3) l'écriture forcée, l'écriture organique, l'écriture libérée: dans le pire des cas, faites confiance à votre génie et écrasez complètement votre esprit critique. Commencez à écrire sans plan préalable, et continuez à improviser jusqu'à la fin. Ne vous inquiétez nullement de la qualité de votre oevure. Ne vous donnez aucun plan en cours d'écriture. Ne suivez aucun chemin connu. Ecrivez véritablement en homme libre! Avec un peu de chance, le résultat de l'expérience sera satisfaisant.

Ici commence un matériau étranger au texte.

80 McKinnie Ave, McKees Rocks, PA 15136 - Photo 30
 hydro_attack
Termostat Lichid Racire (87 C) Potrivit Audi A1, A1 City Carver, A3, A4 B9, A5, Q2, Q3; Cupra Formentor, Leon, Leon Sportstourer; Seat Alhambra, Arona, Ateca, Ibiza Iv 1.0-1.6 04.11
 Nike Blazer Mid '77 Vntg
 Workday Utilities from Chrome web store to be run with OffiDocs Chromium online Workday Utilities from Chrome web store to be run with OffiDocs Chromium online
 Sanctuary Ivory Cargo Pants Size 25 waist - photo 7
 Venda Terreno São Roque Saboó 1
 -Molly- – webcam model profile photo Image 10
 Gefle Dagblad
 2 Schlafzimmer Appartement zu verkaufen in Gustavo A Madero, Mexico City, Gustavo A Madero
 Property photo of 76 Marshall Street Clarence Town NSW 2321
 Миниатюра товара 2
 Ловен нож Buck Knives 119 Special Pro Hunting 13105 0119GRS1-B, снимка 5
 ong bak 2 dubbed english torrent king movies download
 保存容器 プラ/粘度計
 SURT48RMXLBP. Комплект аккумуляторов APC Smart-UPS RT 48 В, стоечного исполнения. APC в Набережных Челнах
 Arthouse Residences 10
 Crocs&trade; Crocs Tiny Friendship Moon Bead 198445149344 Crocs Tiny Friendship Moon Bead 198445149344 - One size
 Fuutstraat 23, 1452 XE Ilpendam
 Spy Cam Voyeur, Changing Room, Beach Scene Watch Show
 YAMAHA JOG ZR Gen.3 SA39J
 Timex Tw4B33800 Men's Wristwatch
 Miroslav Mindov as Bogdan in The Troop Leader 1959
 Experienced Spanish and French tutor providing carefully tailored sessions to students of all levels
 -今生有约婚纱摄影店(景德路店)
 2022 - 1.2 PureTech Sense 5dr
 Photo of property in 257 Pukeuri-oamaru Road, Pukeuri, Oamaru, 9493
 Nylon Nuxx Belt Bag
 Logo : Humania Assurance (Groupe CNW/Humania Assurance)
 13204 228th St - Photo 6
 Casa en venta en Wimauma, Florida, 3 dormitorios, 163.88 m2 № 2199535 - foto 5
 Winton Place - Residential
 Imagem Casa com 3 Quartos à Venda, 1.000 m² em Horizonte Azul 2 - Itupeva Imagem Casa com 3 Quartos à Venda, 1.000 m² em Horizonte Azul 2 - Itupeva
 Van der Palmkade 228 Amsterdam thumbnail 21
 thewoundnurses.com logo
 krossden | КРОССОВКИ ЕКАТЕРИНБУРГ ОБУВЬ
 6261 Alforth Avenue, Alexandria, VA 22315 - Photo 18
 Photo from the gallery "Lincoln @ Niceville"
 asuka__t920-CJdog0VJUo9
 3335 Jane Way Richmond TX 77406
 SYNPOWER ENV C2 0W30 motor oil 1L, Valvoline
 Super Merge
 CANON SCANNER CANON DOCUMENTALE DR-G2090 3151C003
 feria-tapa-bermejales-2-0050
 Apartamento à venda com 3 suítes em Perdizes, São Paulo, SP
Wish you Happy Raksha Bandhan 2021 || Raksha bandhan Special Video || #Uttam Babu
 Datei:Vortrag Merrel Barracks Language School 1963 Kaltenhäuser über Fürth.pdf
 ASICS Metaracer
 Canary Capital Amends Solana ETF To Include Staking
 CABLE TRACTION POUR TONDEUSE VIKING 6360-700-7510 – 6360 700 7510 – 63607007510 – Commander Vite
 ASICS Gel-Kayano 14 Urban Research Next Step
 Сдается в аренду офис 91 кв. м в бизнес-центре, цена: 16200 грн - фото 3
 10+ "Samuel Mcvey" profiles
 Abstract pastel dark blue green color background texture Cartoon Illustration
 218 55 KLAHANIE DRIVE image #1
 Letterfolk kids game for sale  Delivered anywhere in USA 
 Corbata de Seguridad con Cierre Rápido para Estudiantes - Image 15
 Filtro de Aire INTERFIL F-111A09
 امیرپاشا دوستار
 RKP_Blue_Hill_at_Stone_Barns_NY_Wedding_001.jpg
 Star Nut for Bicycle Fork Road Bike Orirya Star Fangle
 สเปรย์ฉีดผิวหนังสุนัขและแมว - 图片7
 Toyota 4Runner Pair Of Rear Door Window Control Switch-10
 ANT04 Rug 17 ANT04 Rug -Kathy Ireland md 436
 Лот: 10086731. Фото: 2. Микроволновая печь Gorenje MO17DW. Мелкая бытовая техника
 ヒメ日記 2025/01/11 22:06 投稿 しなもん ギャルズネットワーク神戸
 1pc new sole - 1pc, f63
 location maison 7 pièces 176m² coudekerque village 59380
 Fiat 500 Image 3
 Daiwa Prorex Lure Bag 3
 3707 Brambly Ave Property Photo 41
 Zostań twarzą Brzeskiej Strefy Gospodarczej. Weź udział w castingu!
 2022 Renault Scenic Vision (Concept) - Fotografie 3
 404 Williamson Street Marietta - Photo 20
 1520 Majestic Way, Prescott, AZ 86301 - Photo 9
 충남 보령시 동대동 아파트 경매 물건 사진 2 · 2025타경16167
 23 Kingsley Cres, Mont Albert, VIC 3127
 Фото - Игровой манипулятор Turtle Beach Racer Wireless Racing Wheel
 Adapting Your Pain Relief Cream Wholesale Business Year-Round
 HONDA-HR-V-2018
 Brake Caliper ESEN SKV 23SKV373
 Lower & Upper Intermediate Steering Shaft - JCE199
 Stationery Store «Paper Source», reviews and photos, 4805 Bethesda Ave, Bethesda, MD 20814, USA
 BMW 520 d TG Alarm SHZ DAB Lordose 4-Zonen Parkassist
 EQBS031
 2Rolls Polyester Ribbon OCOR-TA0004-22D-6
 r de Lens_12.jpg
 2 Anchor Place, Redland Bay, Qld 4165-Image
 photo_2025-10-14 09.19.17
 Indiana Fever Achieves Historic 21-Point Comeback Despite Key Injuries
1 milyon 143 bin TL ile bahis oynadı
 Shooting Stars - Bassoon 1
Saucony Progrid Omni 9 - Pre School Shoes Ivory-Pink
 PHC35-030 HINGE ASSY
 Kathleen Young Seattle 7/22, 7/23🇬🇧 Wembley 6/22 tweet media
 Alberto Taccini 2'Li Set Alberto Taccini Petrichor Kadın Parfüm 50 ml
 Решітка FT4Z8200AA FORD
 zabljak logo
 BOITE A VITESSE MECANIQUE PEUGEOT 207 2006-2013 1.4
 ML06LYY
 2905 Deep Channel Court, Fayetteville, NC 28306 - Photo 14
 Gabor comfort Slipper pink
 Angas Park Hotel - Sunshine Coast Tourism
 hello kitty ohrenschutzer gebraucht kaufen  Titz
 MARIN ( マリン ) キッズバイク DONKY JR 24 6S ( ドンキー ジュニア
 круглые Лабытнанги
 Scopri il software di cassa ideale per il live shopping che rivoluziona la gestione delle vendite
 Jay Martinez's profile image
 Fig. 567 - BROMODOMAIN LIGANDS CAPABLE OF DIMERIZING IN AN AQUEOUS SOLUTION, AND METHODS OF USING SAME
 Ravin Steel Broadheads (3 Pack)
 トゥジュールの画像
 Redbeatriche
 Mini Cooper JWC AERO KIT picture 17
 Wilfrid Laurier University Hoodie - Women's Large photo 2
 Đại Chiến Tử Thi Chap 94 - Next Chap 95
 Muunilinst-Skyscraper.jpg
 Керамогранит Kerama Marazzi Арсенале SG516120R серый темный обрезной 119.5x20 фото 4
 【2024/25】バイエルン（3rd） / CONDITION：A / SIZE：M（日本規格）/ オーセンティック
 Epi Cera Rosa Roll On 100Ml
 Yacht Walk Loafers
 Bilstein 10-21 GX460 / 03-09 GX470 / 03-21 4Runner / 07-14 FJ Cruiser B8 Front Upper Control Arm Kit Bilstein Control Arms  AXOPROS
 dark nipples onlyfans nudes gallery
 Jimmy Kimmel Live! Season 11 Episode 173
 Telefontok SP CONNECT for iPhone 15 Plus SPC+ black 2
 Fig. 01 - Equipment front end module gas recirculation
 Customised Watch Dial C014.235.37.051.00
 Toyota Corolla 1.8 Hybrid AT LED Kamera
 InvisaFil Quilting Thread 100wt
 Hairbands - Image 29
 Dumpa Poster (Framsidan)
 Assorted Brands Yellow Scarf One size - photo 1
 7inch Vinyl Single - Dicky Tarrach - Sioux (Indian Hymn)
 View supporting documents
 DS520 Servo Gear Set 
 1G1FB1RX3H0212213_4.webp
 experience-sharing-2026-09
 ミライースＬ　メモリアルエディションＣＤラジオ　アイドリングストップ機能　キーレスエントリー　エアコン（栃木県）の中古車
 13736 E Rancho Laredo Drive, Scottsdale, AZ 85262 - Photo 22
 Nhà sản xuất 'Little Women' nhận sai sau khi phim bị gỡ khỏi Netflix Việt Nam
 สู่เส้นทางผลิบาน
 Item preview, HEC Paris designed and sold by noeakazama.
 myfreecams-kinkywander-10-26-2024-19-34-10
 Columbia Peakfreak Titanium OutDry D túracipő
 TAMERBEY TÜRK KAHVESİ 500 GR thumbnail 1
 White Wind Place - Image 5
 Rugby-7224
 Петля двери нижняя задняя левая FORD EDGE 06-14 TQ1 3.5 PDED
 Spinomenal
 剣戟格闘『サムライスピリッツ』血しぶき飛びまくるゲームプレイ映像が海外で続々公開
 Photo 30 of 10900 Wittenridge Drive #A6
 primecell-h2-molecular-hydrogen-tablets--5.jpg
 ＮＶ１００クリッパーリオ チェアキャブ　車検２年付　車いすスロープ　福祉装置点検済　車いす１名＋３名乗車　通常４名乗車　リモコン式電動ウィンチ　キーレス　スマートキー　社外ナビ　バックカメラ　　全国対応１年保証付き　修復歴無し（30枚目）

Comme vous venez de le constater, la peur de la page blanche relève plus de l'ignorance et de l'obscurantisme que d'une inaptitude à l'écriture. Tout homme raisonné en viendra à bout au prix de quelques efforts.
2 commentaires:
Bonjour,
webmaster du site « Scénario » (scenariopole) — que vous avez eu la gentillesse de mettre dans vos liens —, j'ai lu toutes vos pages avec grand intérêt.
J'ai trouvé qu'il y avait vraiment beaucoup de pertinence là-dedans.
La seule chose que j'ai regrettée, c'est de n'avoir aucune indication sur l'auteur de ces lignes. Quelque part on apprend que vous avez 20 ans (ce qui me surprend, je vous l'avoue), mais je n'ai trouvé rien de plus.
Pourtant, je pense qu'il est toujours bon pour l'apprenti-auteur de savoir à qui il a à faire. Vous savez comme moi que les conseils ne valent que si celui qui les professe en a tirer quelque résultat.
En vous encourageant dans cette tâche généreuse, utile et pertinente,
Bien à vous,
Philippe Perret
Romancier, scénariste, compositeur, pédagogue, et champion du jambon-beurre
En fait, je n'ai pas grand chose à dire sur moi-même, j'ai 20 ans, étudiant en journalisme, belge, membre actif de version-finale...Ma photo est sur mon profil.
Je chausse du 42.
J'écris beaucoup, mais rien n'a jamais été publié, donc je ne peux pas faire valoir une quelconque expérience pour crédibiliser mes petits articles...
La raison principale pour laquelle j'écris, c'est de fixer des idées qui me passent par la tête et qui m'aident en cas de pépin... Le fait d'écrire ces articles m'obligent à faire quelques recherches qui sont tout bénéfice pour moi, et, après, pour les lecteurs. Je suppose que le même genre de motivation vous anime lorsque vous publiez des cours de scenario.
C'est aussi pour ça que j'ai choisi le style "blog", pour qu'il soit bien clair que je ne me prends pas pour le nouveau gourou de l'écriture, mais pour un simple étudiant qui partage ses découvertes.